Scraped caption text data:
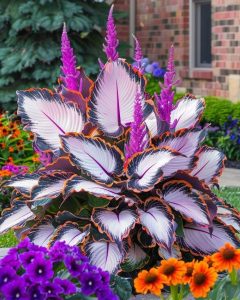 Хоста Кримэн Дрим купить по цене от 549р. в интернет-магазине «Посадика» с доставкой почтой в в Усть-Катаве и по всей России – [изображение №1].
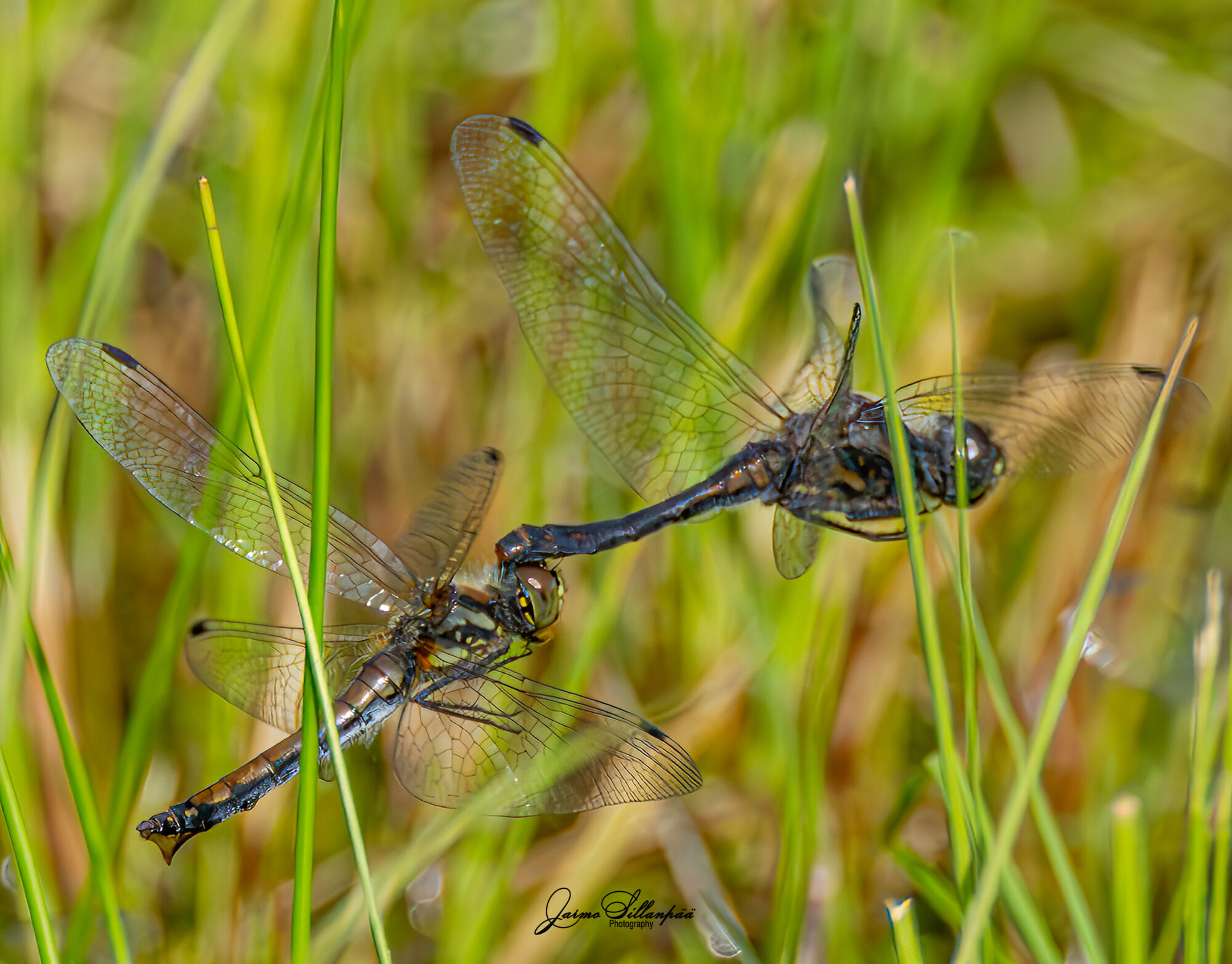 Valokuvaaja: Jarmo Sillanpää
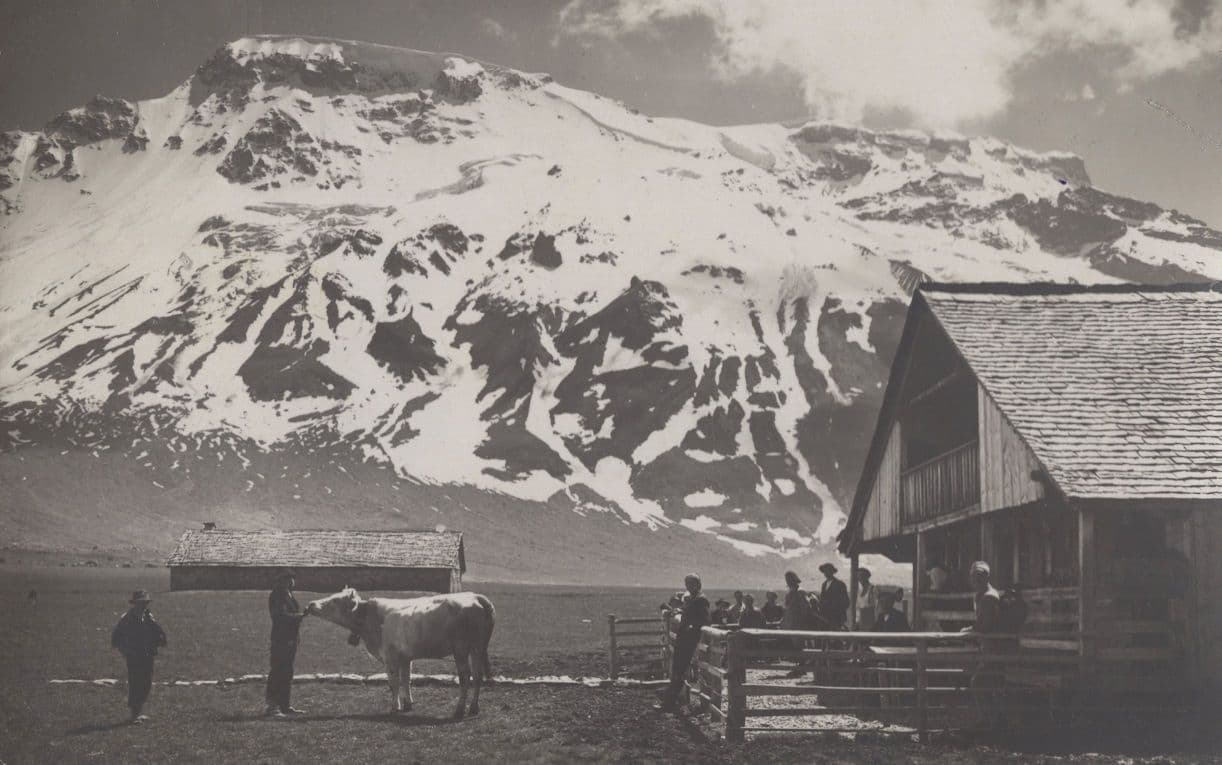 Cow Visiting Klubhutte Restaurant Adelboden Swiss Old Postcard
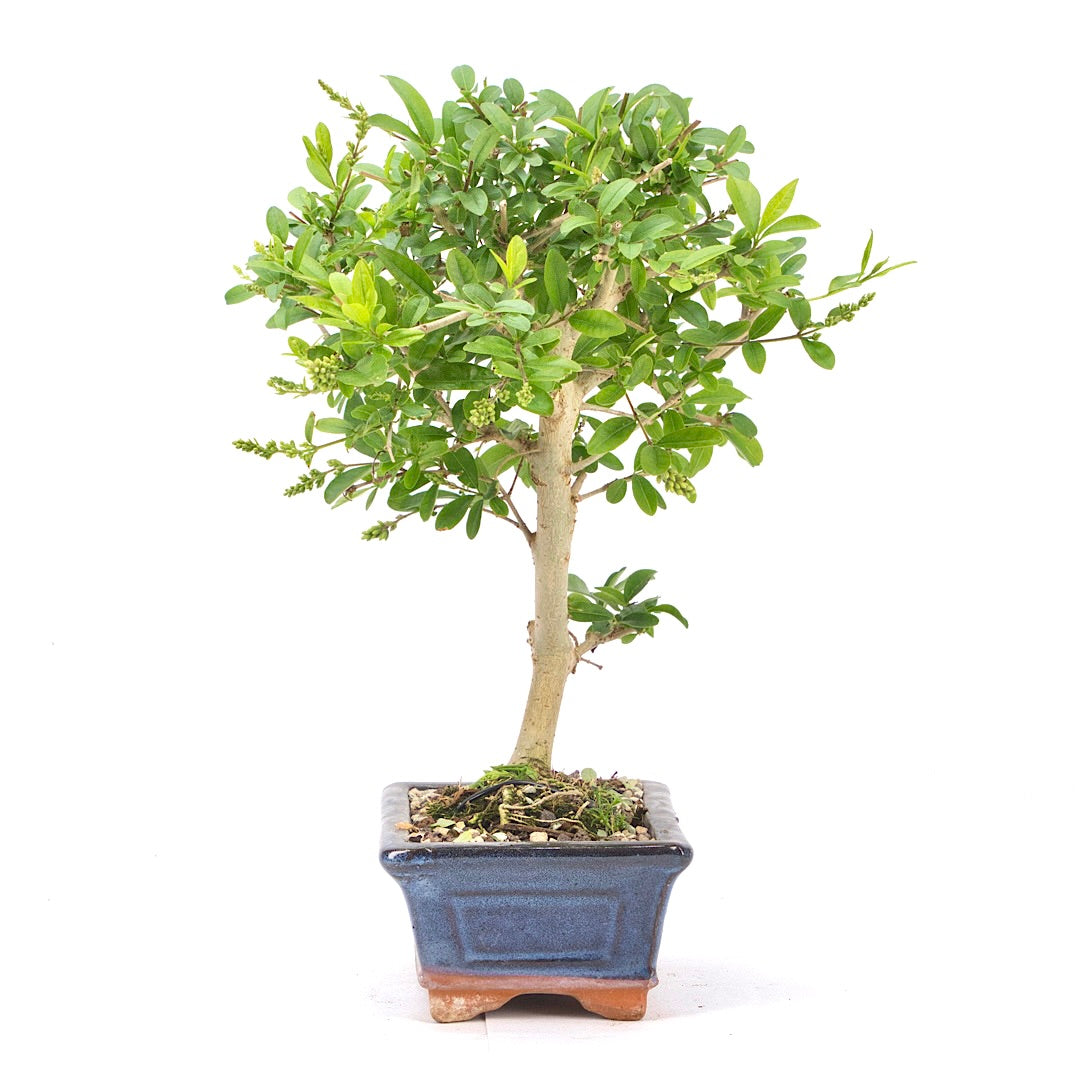 Gewöhnlichen Liguster ‚Ligustrum vulgare‘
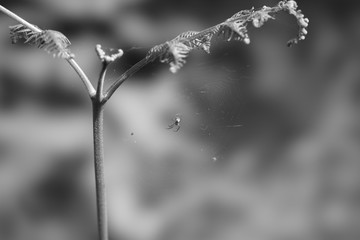 Fototapeta premium fern with spider
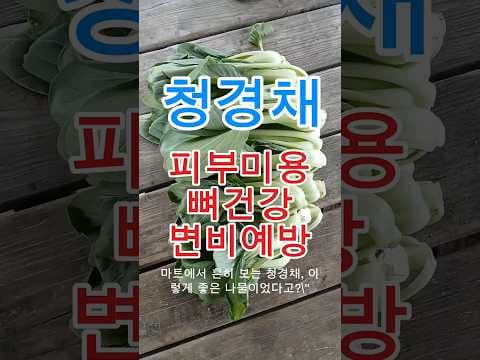 청경채 다이어트: 저칼로리 식단으로 챙기는 피부 & 건강
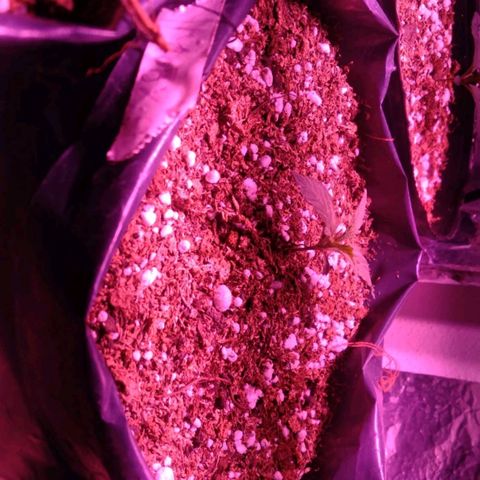 Tangie XXL Auto growlog photo: TANGIE en su día 10.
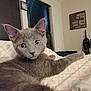 August is registered to the contest to win money with this photo: kitten, cat, gray_cat, bed, blanket, indoor, pet, animal, feline, cute, looking_at_camera, curious, domestic_cat, resting, face, ears, whiskers, living_room, television, vacuum_cleaner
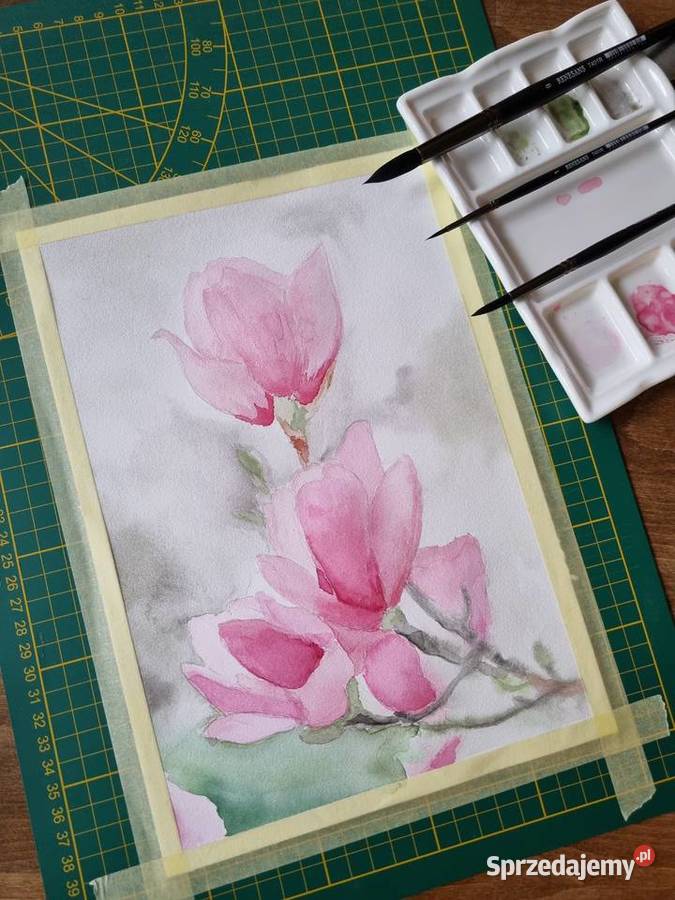 Magnolie oryginalna akwarela Łódź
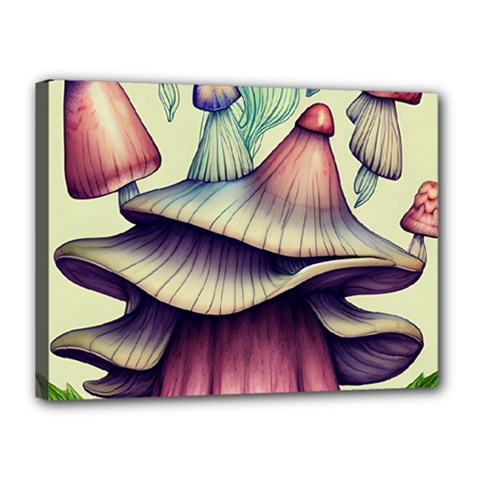 Antique Forest Mushrooms Canvas 16  X 12  (stretched) by GardenOfOphir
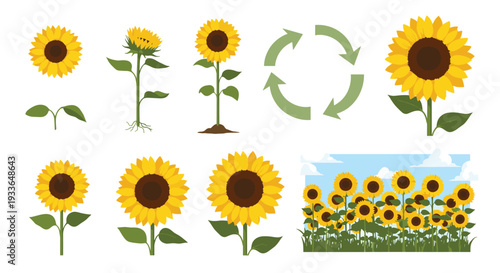 Infographic-style illustration showing various growth stages of a sunflower from sprout to full bloom, plus a field scene and cycle icon.
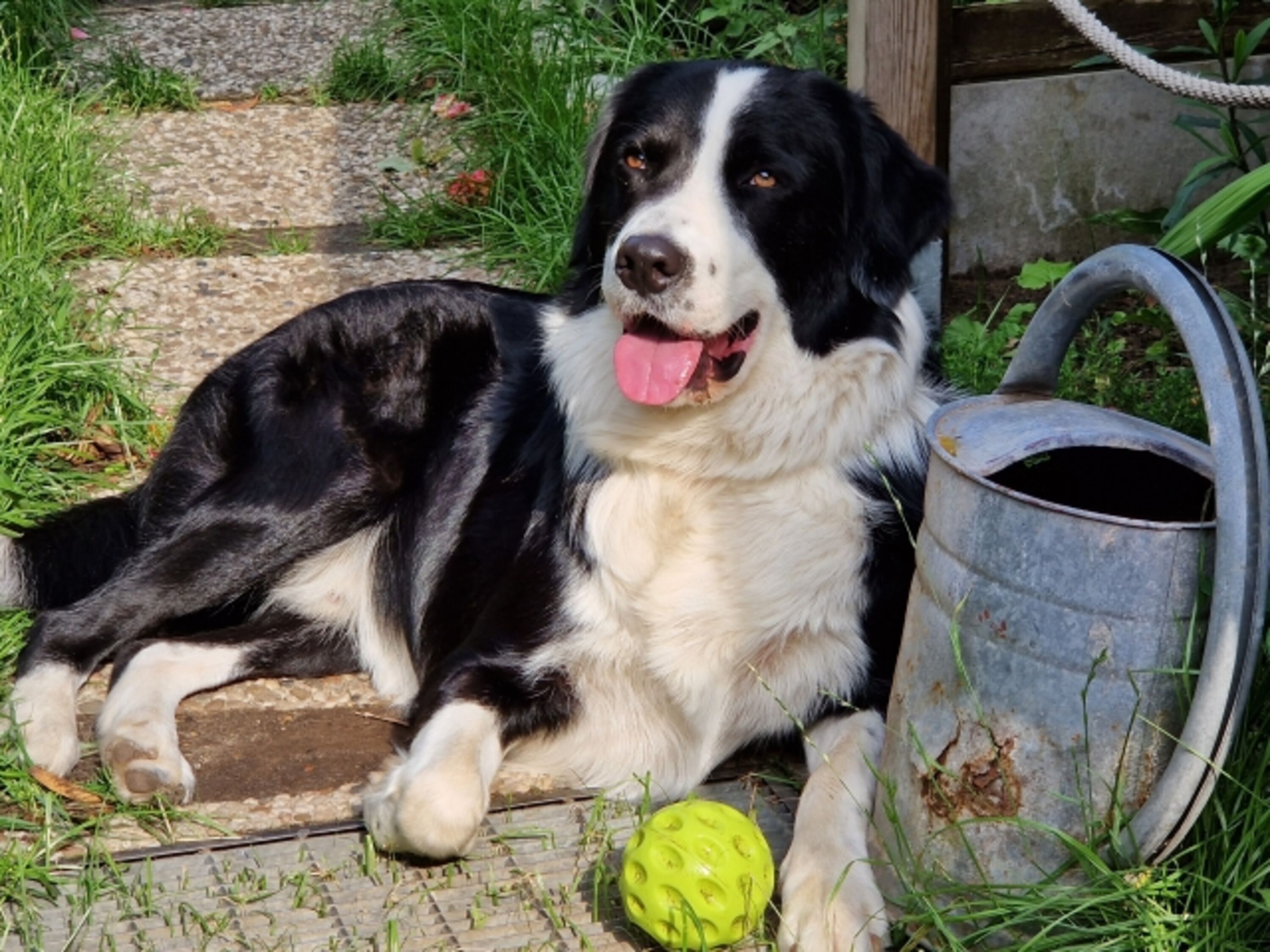 Unser Hund Zorro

Goal of the exercise: Please repeat the lines above from the line containing "Fototapeta premium fern with spider" through the final line, both included, exactly as they stand and without pictures.

Output of the exercise:
 Fototapeta premium fern with spider
 청경채 다이어트: 저칼로리 식단으로 챙기는 피부 & 건강
 Tangie XXL Auto growlog photo: TANGIE en su día 10.
 August is registered to the contest to win money with this photo: kitten, cat, gray_cat, bed, blanket, indoor, pet, animal, feline, cute, looking_at_camera, curious, domestic_cat, resting, face, ears, whiskers, living_room, television, vacuum_cleaner
 Magnolie oryginalna akwarela Łódź
 Antique Forest Mushrooms Canvas 16  X 12  (stretched) by GardenOfOphir
 Infographic-style illustration showing various growth stages of a sunflower from sprout to full bloom, plus a field scene and cycle icon.
 Unser Hund Zorro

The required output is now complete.